### Exercise aim
Could you transcribe each record below exactly as written, setting the pictures aside?

### Data shown
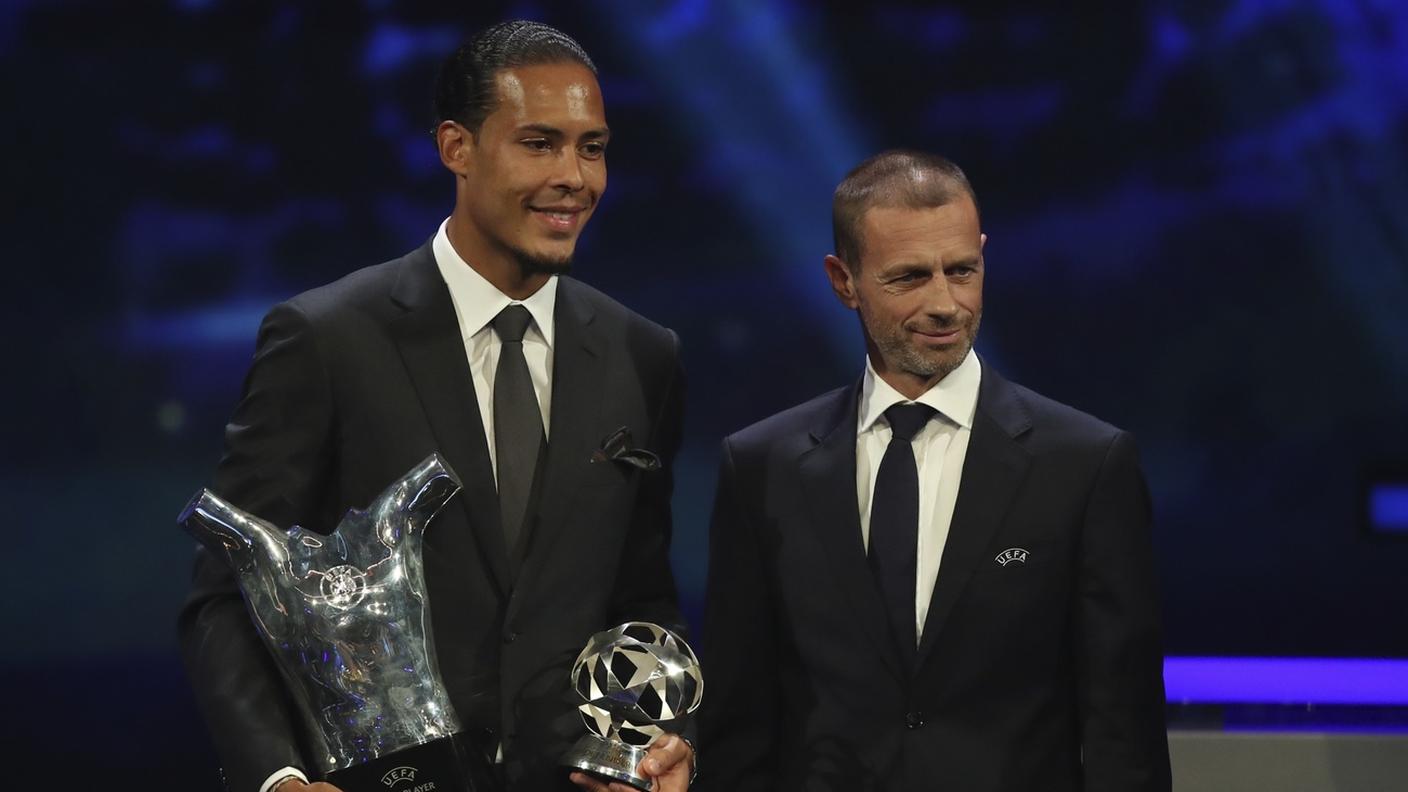 In compagnia del presidente UEFA Ceferin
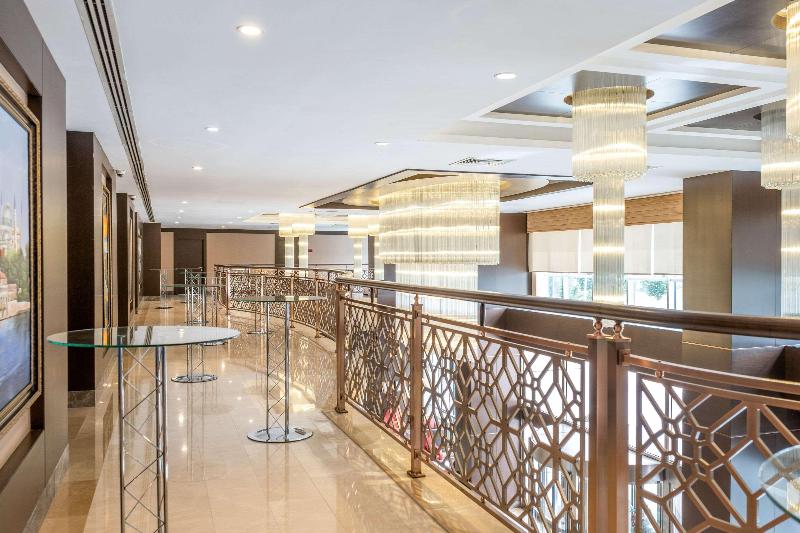 Clarion Hotel Istanbul Mahmutbey - Lobi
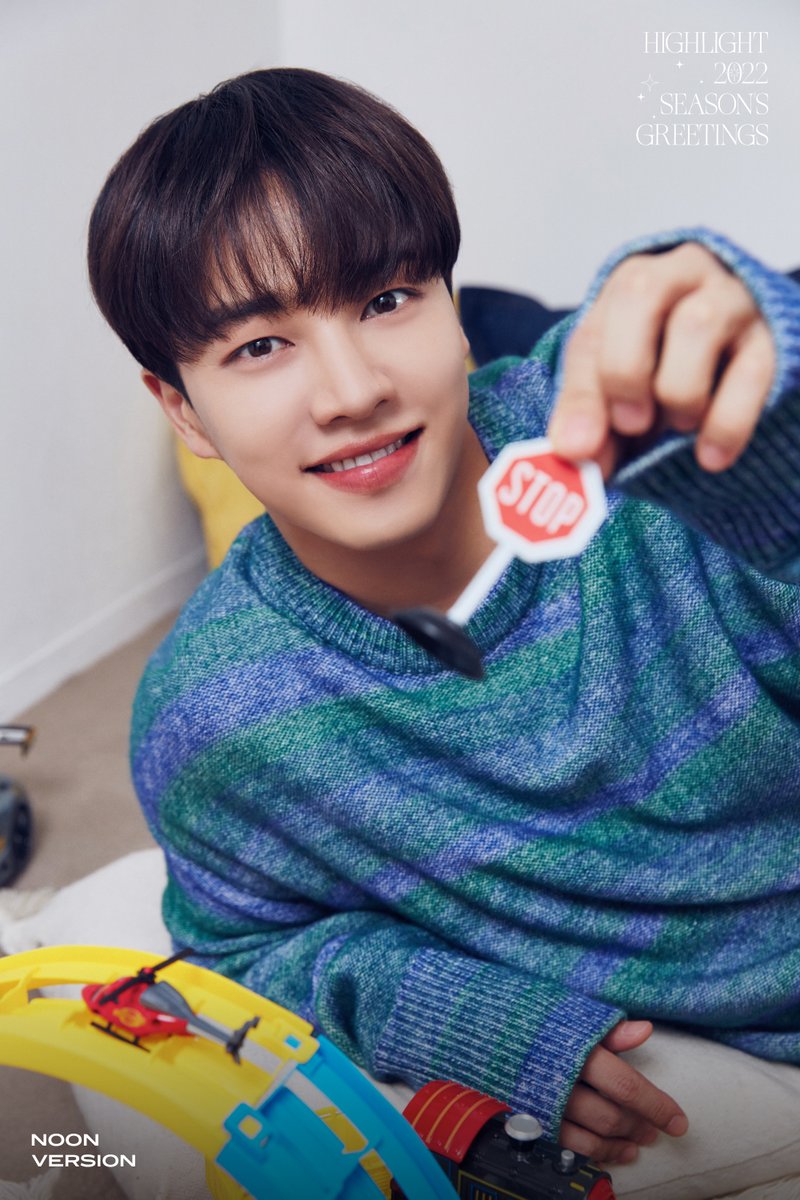 Highlight_AUent's tweet photo. HIGHLIGHT 2022 SEASON'S GREETINGS CONCEPT PHOTO - NOON ver. -

✔ https://t.co/kGAC99Rg0k

#하이라이트 #Highlight #윤두준 #YOONDUJUN #양요섭 #YANGYOSEOP #이기광 #LEEGIKWANG #손동운 #SONDONGWOON https://t.co/0Z6hK5wxM9
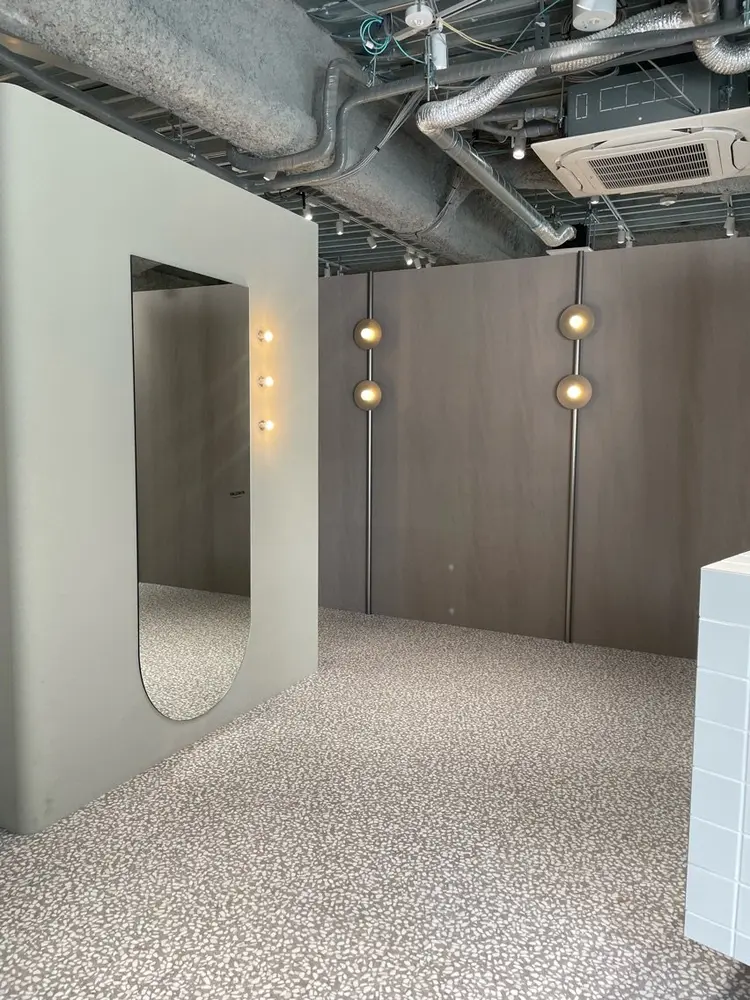 SALOWIN梅田茶屋町suite店の内観・外観2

### Output of the task
 In compagnia del presidente UEFA Ceferin
 Clarion Hotel Istanbul Mahmutbey - Lobi
 Highlight_AUent's tweet photo. HIGHLIGHT 2022 SEASON'S GREETINGS CONCEPT PHOTO - NOON ver. -

✔ https://t.co/kGAC99Rg0k

#하이라이트 #Highlight #윤두준 #YOONDUJUN #양요섭 #YANGYOSEOP #이기광 #LEEGIKWANG #손동운 #SONDONGWOON https://t.co/0Z6hK5wxM9
 SALOWIN梅田茶屋町suite店の内観・外観2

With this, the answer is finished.